U.S Policy Toward the International Criminal Court: The Case of Ambivalent Multilateralism
How can the United States remain engaged in the evolution of the International Criminal Court (ICC) while it refuses to endorse the treaty? Balancing these two interests is the best course of action available to the United States, said Eric Schwartz, a Public Policy Scholar at the Woodrow Wilson International Center for Scholars, former Special Assistant to the President, and Senior Director for Multilateral and Humanitarian Affairs at the National Security Council, at a meeting held July 2nd at the Wilson Center. Schwartz discussed the evolution of the Clinton Administration’s position on the ICC and suggested that the United States maintain a policy of “ambivalent multilateralism” toward the Court. Although President Bill Clinton did sign the Rome Statute of the ICC on December 31, 2000, the United States refuses to ratify the treaty. The steady endorsements of the statute—36 countries of the required 60 have ratified the treaty—mean the Court’s establishment is simply a matter of time, Schwartz said. In his opinion, the United States should work toward shaping and influencing the Court, instead of repudiating the treaty or refusing to participate. Still, he conceded that its detractors have plausible arguments, including the belief that the Court threatens American sovereignty and could perhaps extend its jurisdiction over Americans even if the United States has not ratified the Court. This concern is evidenced by the introduction of the American Servicemembers Protection Act (ASPA) in Congress, a bill that bars the United States from cooperating with the ICC until it ratifies the Court.
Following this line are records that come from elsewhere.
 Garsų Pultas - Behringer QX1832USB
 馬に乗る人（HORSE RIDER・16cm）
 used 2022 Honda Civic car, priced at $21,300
Schwartz began his remarks by examining the evolution of the Clinton Administration’s policy toward the ICC. Schwartz explained that “from the outset of the Clinton Presidency, [the] Administration sought to make human rights and the rule of law important components of U.S. foreign policy.” For this reason, it initially was a strong supporter of the ICC, the permanent court to try individuals accused of genocide, war crimes, and crimes against humanity; active contributions of the United States include discussions of the protections for due process and rights of the accused. The Clinton Administration stressed the universality of human rights, coupled with political accountability for human rights abuses. However, the Administration also emphasized the desire to have the Court cooperate with the United Nations Security Council. Schwartz noted that “the U.S. position reflected a concern that a Court not accountable to the Security Council risked shoe-horning into a judicial framework controversies that are the appropriate province of politics and diplomacy.” For this and other reasons, the United States joined six other countries, including China and Iraq, in an attempt to defeat the adoption of the Rome Statute in 1998. Still, the United States has participated in the subsequent sessions of the Prepatory Commission and continues to advocate for specific exemptions necessary for U.S. participation.
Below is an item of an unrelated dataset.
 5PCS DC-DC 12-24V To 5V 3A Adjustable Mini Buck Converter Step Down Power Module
For instance, because of the international presence of the United States (over 200,000 troops are overseas), some feared that the Court could become politicized and Americans would be targeted for prosecution. However, Schwartz noted that the Court does include a provision on complimentarity, or deferment to domestic courts, unless these courts are ruled to be unable or unwilling to carry out a trial. For example, in the United States, twenty-five officers and enlisted men were court marshaled for their involvement during the My Lai Massacre in Vietnam. Further, Pinochet is currently in Chile where judges will decide whether or not his health issues will prevent him from facing charges of torture and human rights violations. The United States is also concerned that the absence of Security Council endorsement might lead to inappropriate Court interference in international issues. Lastly, the presence of the ICC may deter states from engaging in humanitarian interventions, lest they run the risk of zealous prosecution, Schwartz said.
Currently, U.S. ratification is unlikely because “American elites are much more jealous guardians of their sovereignty…and will not easily accept the notion that U.S. citizens could be prosecuted for war crimes, crimes against humanity or genocide by an institution that is not more directly accountable to the American public.” Given this political reality, signing the treaty was the best the United States could do, and Schwartz contends that this “good neighbor approach” is much better than actively working against the Court. A signature allows the United States to remain engaged and promote policies amenable to the United States. Unsigning or repudiating the Rome Statute or supporting the reintroduction of the American Servicemembers Protection Act (ASPA) would prohibit the United States from cooperating with the ICC and would remove it from actively engaging with the Court. This would be, said Schwartz, an “option with serious costs” since “the obligations agreed upon by others will, at the very least, negatively impact U.S. diplomacy.” Moreover, “obligations agreed upon by others will inform the development of international law.” As a result, ambivalent multilateralism is the best course of action. The United States should not fully commit to the ICC, but should keep its options open by not working to cripple the Court.